● Input records
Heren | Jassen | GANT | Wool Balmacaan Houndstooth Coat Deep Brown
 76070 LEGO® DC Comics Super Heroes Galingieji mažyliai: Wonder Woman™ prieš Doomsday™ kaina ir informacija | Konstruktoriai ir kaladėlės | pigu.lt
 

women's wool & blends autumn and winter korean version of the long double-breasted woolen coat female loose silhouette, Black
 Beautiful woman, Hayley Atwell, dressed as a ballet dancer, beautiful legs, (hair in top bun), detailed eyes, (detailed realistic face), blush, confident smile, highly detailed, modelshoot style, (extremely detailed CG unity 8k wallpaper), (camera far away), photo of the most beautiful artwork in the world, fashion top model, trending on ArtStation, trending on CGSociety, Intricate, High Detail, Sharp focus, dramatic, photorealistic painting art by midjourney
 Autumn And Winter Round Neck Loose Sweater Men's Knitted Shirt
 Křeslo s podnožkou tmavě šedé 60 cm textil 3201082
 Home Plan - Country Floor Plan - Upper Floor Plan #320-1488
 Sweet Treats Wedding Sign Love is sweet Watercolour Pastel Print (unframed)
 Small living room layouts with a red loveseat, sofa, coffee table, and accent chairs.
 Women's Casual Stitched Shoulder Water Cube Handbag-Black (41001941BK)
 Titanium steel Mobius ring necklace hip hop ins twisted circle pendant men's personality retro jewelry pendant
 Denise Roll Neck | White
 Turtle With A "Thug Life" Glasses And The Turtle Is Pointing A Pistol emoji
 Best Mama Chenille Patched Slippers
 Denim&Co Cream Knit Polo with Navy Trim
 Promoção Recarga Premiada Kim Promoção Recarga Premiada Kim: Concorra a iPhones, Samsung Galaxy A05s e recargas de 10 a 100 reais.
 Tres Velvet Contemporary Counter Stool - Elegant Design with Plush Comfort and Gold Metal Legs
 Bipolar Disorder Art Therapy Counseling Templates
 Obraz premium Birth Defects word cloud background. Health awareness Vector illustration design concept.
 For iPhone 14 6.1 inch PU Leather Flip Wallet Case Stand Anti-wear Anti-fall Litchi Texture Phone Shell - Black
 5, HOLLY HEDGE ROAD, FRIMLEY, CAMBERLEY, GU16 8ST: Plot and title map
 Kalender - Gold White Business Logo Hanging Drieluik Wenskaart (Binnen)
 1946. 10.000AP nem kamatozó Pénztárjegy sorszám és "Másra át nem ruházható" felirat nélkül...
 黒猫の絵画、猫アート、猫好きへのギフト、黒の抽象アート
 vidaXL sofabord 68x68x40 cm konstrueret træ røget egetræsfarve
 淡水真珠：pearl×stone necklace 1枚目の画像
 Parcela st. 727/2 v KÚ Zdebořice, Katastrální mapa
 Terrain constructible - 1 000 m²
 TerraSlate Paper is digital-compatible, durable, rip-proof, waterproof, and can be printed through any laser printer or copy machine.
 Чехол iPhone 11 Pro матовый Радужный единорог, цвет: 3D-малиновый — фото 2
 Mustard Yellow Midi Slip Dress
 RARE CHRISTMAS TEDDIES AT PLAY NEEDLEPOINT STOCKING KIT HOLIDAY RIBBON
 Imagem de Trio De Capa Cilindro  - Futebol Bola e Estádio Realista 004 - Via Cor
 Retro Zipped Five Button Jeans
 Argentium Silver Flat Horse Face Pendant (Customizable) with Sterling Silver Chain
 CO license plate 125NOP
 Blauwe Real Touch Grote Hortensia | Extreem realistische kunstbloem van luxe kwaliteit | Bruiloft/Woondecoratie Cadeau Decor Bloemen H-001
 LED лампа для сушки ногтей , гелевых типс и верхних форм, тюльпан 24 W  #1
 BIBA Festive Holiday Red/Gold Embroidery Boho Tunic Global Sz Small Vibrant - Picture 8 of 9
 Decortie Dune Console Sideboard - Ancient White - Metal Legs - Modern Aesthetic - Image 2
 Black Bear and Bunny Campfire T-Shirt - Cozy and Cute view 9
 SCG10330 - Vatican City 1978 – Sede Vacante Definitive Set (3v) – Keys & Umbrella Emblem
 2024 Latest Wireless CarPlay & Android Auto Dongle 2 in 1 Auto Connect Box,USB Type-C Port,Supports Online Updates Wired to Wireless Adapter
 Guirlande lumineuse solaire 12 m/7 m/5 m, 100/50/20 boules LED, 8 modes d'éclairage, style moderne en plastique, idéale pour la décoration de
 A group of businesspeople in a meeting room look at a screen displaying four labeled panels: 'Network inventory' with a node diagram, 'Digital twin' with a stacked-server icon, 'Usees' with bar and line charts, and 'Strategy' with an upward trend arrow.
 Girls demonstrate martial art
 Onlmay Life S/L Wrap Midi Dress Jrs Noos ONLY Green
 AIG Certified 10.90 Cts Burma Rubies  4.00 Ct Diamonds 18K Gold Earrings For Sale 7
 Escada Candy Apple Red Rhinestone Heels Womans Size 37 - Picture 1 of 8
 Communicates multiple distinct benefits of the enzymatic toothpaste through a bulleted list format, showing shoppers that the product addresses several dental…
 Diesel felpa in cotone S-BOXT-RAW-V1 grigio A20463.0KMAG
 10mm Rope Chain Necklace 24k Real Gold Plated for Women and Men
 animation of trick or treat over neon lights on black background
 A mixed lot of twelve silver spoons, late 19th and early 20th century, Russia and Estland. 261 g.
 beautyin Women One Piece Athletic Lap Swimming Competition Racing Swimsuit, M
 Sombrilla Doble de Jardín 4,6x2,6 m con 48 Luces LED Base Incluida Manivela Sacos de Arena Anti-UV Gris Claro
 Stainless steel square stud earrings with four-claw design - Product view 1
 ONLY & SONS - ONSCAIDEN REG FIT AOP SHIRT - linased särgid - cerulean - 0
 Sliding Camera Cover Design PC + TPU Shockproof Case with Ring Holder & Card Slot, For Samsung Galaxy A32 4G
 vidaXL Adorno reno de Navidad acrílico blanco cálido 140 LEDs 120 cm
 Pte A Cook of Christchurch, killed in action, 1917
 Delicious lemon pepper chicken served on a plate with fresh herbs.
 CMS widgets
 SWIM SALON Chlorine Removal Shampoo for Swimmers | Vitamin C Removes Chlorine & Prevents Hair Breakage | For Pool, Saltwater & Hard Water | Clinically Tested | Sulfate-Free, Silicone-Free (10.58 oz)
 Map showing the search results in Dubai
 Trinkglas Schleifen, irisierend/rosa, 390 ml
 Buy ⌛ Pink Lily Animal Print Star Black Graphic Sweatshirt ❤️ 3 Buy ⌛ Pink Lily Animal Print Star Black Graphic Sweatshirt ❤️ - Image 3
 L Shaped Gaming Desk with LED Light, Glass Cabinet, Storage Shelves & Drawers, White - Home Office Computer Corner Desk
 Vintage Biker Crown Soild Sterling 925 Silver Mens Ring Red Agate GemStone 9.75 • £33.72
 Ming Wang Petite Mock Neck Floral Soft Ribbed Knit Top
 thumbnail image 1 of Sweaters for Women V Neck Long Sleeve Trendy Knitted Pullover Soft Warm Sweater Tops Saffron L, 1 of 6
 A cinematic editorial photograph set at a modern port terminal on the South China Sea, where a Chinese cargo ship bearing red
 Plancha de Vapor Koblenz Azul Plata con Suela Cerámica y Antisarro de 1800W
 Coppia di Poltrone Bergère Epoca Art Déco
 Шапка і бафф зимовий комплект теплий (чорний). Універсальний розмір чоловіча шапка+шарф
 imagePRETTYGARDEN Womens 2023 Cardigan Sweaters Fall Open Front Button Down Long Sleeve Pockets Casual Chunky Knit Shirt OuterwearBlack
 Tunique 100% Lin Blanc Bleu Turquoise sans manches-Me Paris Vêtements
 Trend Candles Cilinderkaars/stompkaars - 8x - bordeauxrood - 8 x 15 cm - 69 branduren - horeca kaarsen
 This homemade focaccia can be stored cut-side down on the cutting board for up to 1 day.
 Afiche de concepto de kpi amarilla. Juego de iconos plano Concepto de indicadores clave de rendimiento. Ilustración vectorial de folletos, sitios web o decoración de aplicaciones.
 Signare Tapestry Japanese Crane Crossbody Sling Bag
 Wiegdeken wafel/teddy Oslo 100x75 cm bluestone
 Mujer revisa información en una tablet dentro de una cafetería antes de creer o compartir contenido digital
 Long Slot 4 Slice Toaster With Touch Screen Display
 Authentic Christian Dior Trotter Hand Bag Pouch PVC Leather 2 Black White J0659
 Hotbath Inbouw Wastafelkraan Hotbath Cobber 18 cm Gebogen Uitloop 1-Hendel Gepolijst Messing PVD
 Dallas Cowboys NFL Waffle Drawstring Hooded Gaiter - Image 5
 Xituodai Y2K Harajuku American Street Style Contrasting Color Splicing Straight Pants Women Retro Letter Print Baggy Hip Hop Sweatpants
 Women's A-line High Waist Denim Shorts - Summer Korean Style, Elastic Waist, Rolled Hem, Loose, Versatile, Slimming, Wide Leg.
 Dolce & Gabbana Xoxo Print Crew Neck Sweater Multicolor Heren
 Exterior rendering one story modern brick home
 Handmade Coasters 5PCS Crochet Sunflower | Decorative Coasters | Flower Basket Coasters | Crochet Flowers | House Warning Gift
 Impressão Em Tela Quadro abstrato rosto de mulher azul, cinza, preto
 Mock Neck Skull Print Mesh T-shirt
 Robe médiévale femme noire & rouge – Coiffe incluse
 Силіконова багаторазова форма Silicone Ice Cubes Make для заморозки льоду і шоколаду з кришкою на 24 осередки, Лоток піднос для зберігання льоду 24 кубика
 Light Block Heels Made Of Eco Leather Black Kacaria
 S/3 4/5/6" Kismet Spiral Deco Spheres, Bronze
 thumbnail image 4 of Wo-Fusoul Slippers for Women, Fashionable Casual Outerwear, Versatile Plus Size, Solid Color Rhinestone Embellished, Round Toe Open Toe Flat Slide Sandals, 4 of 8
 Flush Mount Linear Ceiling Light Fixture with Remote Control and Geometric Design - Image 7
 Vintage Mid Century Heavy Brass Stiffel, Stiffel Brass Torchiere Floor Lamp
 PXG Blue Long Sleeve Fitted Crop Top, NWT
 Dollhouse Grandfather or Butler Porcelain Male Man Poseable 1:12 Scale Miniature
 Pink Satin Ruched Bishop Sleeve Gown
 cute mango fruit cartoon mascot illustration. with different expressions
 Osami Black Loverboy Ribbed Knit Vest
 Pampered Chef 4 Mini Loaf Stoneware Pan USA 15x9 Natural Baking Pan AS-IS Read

● Aim of the task
In the entries above, please find the line with "Signare Tapestry Japanese" and the line with "Authentic Christian Dior", then write out exactly those two lines and every line between them, and nothing more.

● Exercise solution
 Signare Tapestry Japanese Crane Crossbody Sling Bag
 Wiegdeken wafel/teddy Oslo 100x75 cm bluestone
 Mujer revisa información en una tablet dentro de una cafetería antes de creer o compartir contenido digital
 Long Slot 4 Slice Toaster With Touch Screen Display
 Authentic Christian Dior Trotter Hand Bag Pouch PVC Leather 2 Black White J0659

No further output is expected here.